It may be difficult to start thinking about Old Man Winter, but he’s on his way and will soon be knocking. And really, Costco stores had snowsuits on display in the middle of July, so I’m not totally out of line. Before the white stuff hits, make sure your vehicle is equipped with proper winter boots.
Proof of the value of winter tires came to me during a business trip last winter at the end of February. I flew into Regina and picked up a rental vehicle to drive into the Cypress Hills in southwestern Saskatchewan. Because I was picking the rental up in Regina and dropping it off in Calgary, my selection was pared down to a field of one.
So, despite my request for all-wheel drive, the friendly clerk at the Enterprise desk presented me with the key to a Dodge Grand Caravan Crew with its factory-supplied all-season tires.
The drive from Regina to Maple Creek was uneventful, as the highways were dry and it was a mild, sunny day. I spent the night there, and woke up the next morning to set out toward Fort Walsh National Historic Site, located high in the Cypress Hills.
There was a small amount of snow and freezing rain that fell overnight, enough to make the roads slicker than wet Teflon.
The road from Maple Creek was a shallow but steady incline, the kind that you don’t realize is there until you see your fuel consumption increase or, in my case, notice the van slowing down even though the throttle is being held steady. But what followed was the truly scary part. I was travelling this 80 km/h highway at about 60 clicks when I applied just a little bit of throttle in an attempt to maintain my speed. That’s when the van’s torquey V-6 showed me exactly how little traction I had with those tires. The front tires spun instantly, sending the van to the right with no warning.
If I hadn’t immediately — but smoothly — lifted from the throttle and kept a steady hand on the wheel, I could have easily ended up in the ditch.

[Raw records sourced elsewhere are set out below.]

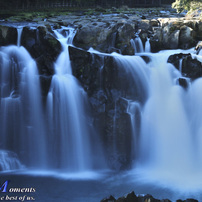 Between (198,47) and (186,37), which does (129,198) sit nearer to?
(198,47)

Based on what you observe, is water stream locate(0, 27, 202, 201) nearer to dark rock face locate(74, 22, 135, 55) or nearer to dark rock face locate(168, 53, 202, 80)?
dark rock face locate(168, 53, 202, 80)

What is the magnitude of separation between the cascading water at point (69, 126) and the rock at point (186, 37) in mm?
8218

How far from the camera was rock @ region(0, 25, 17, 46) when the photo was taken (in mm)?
14062

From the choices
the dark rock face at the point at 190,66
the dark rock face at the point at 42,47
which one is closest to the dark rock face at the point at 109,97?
the dark rock face at the point at 42,47

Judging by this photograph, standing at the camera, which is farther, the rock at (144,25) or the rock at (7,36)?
the rock at (144,25)

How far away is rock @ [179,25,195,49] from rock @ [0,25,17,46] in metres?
9.87

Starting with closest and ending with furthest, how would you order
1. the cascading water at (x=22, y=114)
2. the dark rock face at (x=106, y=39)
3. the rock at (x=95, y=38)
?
the cascading water at (x=22, y=114) < the dark rock face at (x=106, y=39) < the rock at (x=95, y=38)

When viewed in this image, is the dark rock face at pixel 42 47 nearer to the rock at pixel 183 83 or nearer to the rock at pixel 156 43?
the rock at pixel 183 83

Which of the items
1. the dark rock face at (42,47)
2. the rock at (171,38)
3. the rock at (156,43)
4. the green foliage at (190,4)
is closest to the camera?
the dark rock face at (42,47)

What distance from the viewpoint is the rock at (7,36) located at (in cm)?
1406

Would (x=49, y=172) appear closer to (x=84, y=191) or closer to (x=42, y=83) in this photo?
(x=84, y=191)

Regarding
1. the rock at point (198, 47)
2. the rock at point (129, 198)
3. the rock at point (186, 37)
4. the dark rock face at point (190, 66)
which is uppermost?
the rock at point (186, 37)

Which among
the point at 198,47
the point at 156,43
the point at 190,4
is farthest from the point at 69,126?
the point at 190,4

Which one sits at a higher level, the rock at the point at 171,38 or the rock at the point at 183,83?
the rock at the point at 171,38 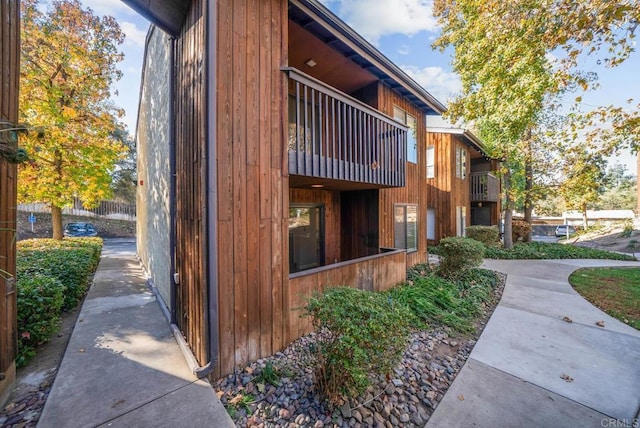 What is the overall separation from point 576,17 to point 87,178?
12.7 metres

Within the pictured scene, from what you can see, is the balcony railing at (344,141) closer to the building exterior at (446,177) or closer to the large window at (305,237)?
the large window at (305,237)

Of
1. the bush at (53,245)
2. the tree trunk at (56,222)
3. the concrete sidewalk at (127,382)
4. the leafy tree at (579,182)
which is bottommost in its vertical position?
the concrete sidewalk at (127,382)

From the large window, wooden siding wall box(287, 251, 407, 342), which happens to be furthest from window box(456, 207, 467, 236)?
the large window

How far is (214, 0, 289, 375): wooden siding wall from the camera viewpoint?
3.00 meters

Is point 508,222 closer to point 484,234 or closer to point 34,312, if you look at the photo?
point 484,234

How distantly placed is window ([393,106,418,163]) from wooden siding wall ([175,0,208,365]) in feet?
20.2

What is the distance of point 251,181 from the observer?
3.27 meters

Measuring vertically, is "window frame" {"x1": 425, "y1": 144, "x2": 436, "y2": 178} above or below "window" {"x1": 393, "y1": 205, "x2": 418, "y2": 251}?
above

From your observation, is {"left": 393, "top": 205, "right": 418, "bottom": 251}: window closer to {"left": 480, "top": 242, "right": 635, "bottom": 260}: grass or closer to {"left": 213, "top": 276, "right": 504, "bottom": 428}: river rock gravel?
{"left": 480, "top": 242, "right": 635, "bottom": 260}: grass

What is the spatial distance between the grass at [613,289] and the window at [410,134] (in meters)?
5.53

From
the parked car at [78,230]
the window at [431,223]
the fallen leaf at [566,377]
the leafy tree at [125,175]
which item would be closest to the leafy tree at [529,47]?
the window at [431,223]

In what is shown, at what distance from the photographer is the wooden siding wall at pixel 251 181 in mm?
3004

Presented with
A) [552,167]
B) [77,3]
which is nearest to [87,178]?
[77,3]

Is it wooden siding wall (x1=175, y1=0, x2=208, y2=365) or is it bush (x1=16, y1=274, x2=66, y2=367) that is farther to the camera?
bush (x1=16, y1=274, x2=66, y2=367) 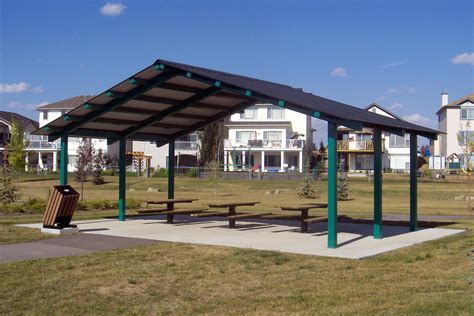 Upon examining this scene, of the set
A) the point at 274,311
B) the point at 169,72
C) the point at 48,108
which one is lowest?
the point at 274,311

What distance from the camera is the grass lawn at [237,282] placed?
8.27 meters

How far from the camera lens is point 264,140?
219 feet

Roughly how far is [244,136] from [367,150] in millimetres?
13177

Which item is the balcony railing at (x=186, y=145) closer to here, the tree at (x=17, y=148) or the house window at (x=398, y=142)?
the tree at (x=17, y=148)

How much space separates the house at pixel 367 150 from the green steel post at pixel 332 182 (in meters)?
52.9

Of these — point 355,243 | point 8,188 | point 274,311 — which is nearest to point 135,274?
point 274,311

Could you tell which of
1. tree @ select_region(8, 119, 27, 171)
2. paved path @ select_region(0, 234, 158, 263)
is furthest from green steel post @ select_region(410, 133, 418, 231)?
tree @ select_region(8, 119, 27, 171)

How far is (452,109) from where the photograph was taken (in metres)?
70.1

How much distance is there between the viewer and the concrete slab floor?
13812mm

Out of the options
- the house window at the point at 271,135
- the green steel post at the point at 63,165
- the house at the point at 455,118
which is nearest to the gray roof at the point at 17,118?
the house window at the point at 271,135

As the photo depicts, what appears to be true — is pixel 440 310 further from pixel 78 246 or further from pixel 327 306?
pixel 78 246

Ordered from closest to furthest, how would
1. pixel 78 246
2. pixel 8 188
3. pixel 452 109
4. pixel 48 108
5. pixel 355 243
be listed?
pixel 78 246 < pixel 355 243 < pixel 8 188 < pixel 452 109 < pixel 48 108

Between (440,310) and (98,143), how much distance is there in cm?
6520

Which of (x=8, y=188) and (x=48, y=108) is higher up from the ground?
(x=48, y=108)
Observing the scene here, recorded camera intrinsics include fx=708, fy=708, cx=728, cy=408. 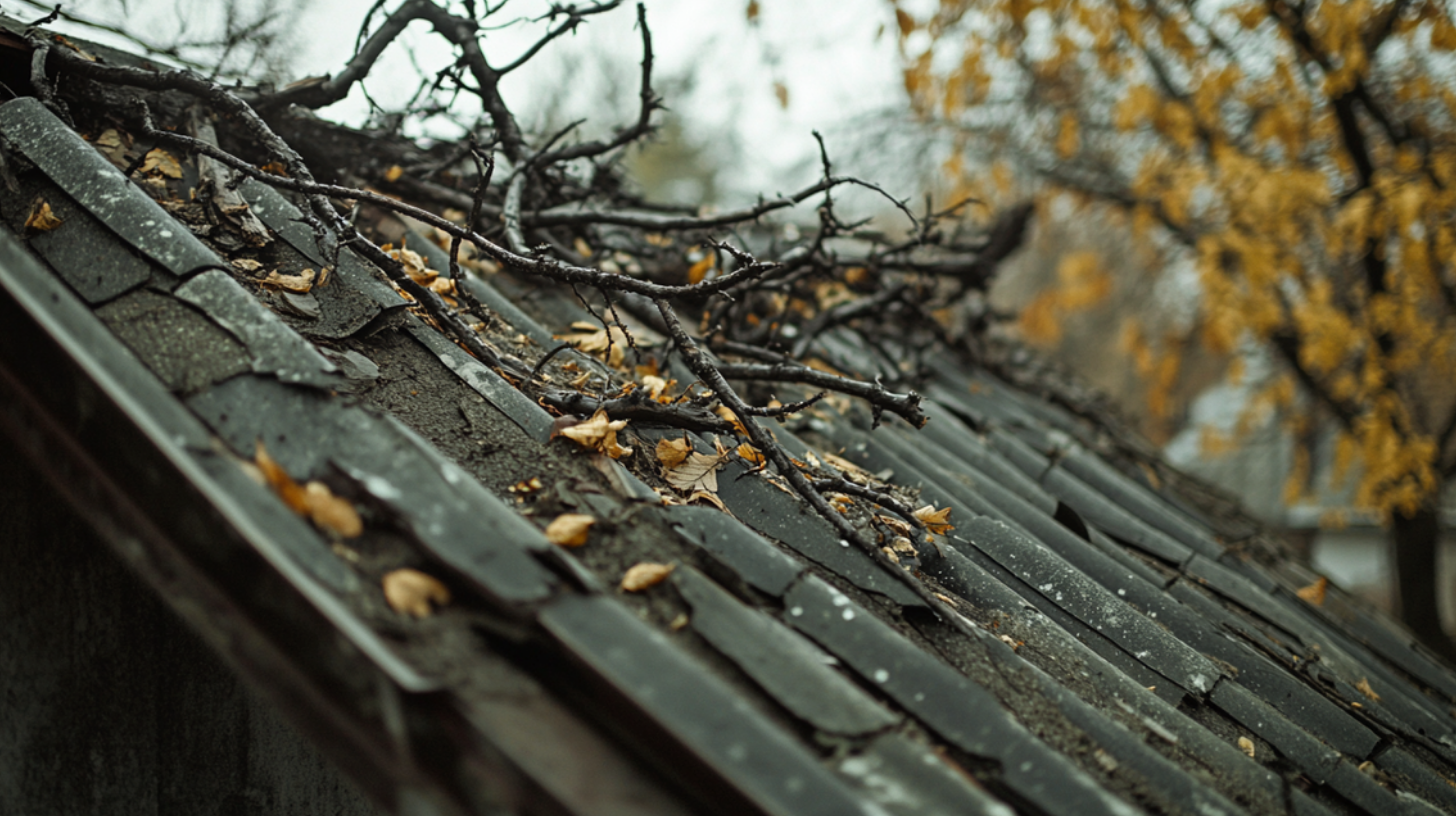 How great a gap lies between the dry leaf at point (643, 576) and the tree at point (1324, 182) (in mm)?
4515

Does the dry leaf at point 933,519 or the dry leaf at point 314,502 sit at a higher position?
the dry leaf at point 933,519

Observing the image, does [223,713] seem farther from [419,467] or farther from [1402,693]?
[1402,693]

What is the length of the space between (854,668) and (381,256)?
1256mm

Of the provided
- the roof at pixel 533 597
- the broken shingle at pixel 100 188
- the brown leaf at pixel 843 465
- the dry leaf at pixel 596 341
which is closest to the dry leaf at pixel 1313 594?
the roof at pixel 533 597

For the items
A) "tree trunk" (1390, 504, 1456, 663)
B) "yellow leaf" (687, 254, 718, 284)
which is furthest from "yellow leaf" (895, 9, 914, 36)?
"tree trunk" (1390, 504, 1456, 663)

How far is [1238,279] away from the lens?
23.0 feet

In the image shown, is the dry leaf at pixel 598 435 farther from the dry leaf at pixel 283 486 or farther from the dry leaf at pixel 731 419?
the dry leaf at pixel 283 486

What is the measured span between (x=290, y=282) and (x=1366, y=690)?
3.01 m

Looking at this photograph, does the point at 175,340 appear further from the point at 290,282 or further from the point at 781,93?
the point at 781,93

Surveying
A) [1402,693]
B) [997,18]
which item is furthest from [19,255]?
[997,18]

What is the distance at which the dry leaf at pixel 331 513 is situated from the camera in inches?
36.1

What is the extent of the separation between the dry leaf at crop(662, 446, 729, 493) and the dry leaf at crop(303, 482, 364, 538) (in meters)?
0.64

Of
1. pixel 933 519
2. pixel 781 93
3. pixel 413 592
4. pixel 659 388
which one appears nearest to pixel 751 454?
pixel 659 388

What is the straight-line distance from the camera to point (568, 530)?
3.60 ft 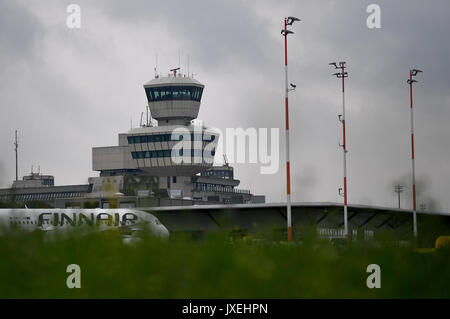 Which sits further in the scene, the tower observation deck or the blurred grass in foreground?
the tower observation deck

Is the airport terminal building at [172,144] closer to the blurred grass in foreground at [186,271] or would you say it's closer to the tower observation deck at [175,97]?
the tower observation deck at [175,97]

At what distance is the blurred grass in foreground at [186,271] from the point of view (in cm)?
602

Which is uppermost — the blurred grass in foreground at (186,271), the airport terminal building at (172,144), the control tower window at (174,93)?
the control tower window at (174,93)

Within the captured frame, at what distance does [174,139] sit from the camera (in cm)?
17000

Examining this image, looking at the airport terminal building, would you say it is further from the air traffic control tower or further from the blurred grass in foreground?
the blurred grass in foreground

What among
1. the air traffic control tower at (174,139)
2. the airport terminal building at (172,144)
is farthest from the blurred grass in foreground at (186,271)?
the air traffic control tower at (174,139)

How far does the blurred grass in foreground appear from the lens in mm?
6016

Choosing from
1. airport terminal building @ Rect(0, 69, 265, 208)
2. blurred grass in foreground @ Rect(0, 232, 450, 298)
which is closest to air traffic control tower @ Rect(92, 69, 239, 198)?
airport terminal building @ Rect(0, 69, 265, 208)

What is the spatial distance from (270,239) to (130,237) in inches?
64.1

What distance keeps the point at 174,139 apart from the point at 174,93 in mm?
10361

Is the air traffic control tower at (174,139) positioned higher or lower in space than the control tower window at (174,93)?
lower

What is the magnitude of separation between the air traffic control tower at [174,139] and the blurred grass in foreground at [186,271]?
530ft

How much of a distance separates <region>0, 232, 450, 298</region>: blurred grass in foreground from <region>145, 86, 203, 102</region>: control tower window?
531 feet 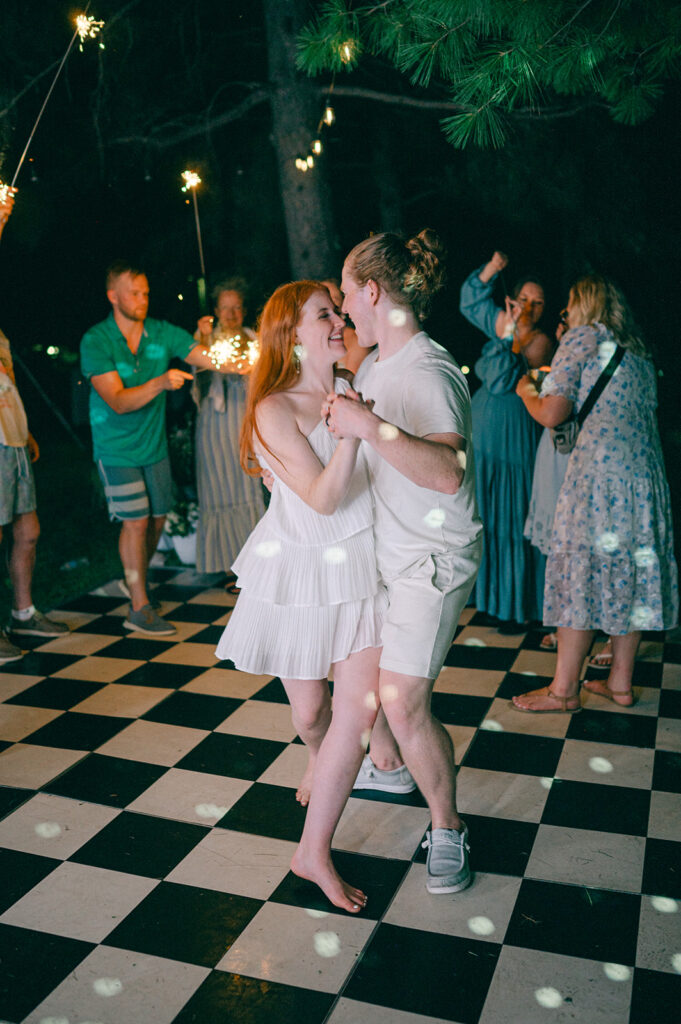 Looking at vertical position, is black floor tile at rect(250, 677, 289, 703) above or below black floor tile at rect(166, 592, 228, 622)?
below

This may be an extreme example, but there aren’t many areas in Canada where one can be confident such a situation won’t happen to them. Then I started thinking about how many people are driving around with similar levels of traction in winter, and the scale of this safety issue became apparent.
Winter tires are specifically designed to maximize traction in low-temperature and low-friction situations. Rubber compounds and tread patterns are carefully crafted to provide a set of handling characteristics that keep everyone safer on our roads during winter.
So now: should you get studless winter tires, or go for the ultimate traction that studded tires provide?
To help eliminate at least some of the variables related to this daunting task, I had a set of Nokian winter tires put on each of my two family vehicles through the entire winter season last year. Our front-drive VW Golf Wagon wore Hakkapeliitta R2 studless tires, while the all-wheel drive Golf R donned Hakka 8 studded rubber for the season.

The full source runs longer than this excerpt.